Korach, a great grandson of Levi with an impeccable priestly heritage, organizes an elite protest of 250 elders of repute chosen by the assembly to confront Moses, not Aaron. But that is not how the narrator describes the action. The dissent is characterized as “rising up,” “combining against” Moses and Aaron. Not a petition. Not a protest. Not even a confrontation. The action is described by the narrator as a rebellion. And commentators generally agree.

Yet, there are no arms involved. There is no claim that Korach and his fellow priestly complainants would refuse to follow Moses’ instructions.
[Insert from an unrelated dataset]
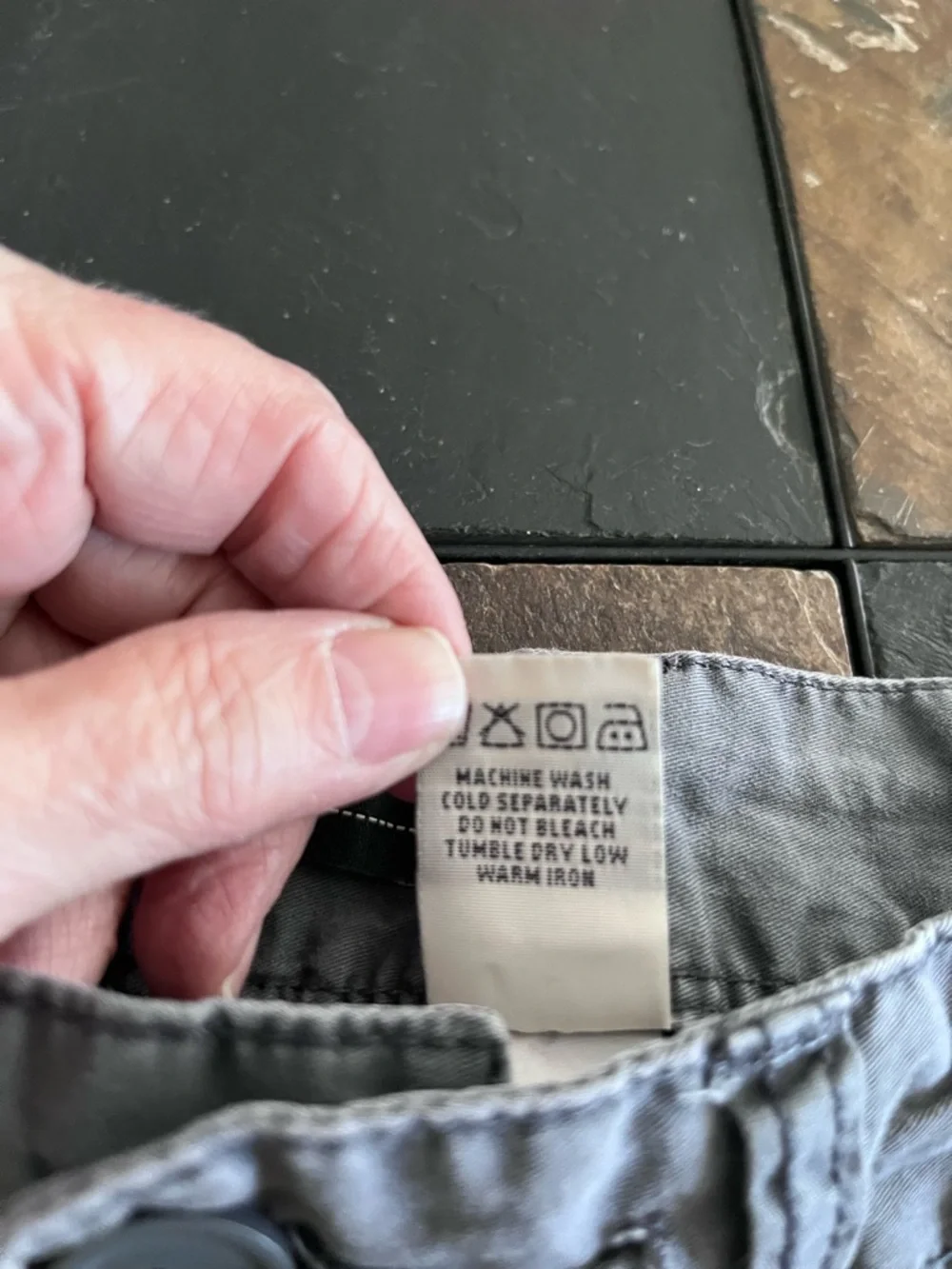 Supplies 100% Cotton Gray Drawstring Utility  Shorts - Picture 4 of 5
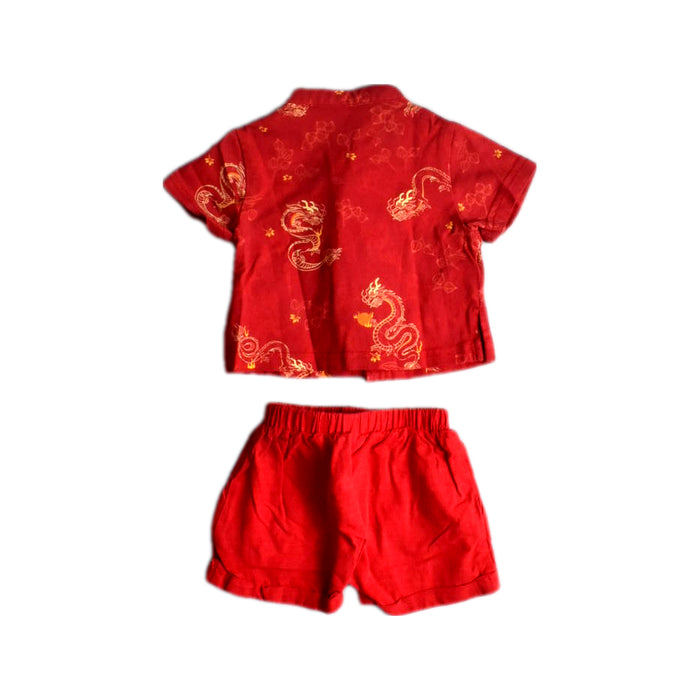A Red Shorts Sets from Elly in size 3-6M for boy. (Back View)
Or even that they wanted to remove Aaron from his role as High Priest, though the implication may be that they wanted at least parity with Aaron who, on appearance, received his appointment through nepotism.

How does Moses handle the protest? Initially by a technique with which we are all familiar through the behaviour of Donald Trump – by distraction. Moses insists that the issue is one of the right of access to God, not parity among Israelites or even priests. More significantly, Moses, when confronted by another pair of dissidents, suggests that the protesters are accusing him of corruption when they have said nothing about Moses taking money or bribes. Finally, Moses insists that they are not just complaining about Aaron’s supreme authority in matters of worship, but they are in rebellion against God. What appears initially as a claim about status and parity has now been characterized by Moses as a challenge to the authority of God Himself.

How is the matter settled? By a duel. By a duel of frying pans.

במדבר טז:ו זֹאת עֲשׂוּ קְחוּ לָכֶם מַחְתּוֹת… טז:זוּתְנוּ בָהֵן אֵשׁ וְשִׂימוּ עֲלֵיהֶן קְטֹרֶת לִפְנֵי יְ-הוָה מָחָר וְהָיָה הָאִישׁ אֲשֶׁר יִבְחַר יְ-הוָה הוּא הַקָּדוֹשׁ… Num 16:6 Do this: take fire-pans… 16:7 and tomorrow put fire in them and lay incense on them before YHWH. Then the man whom YHWH chooses, he shall be the holy one…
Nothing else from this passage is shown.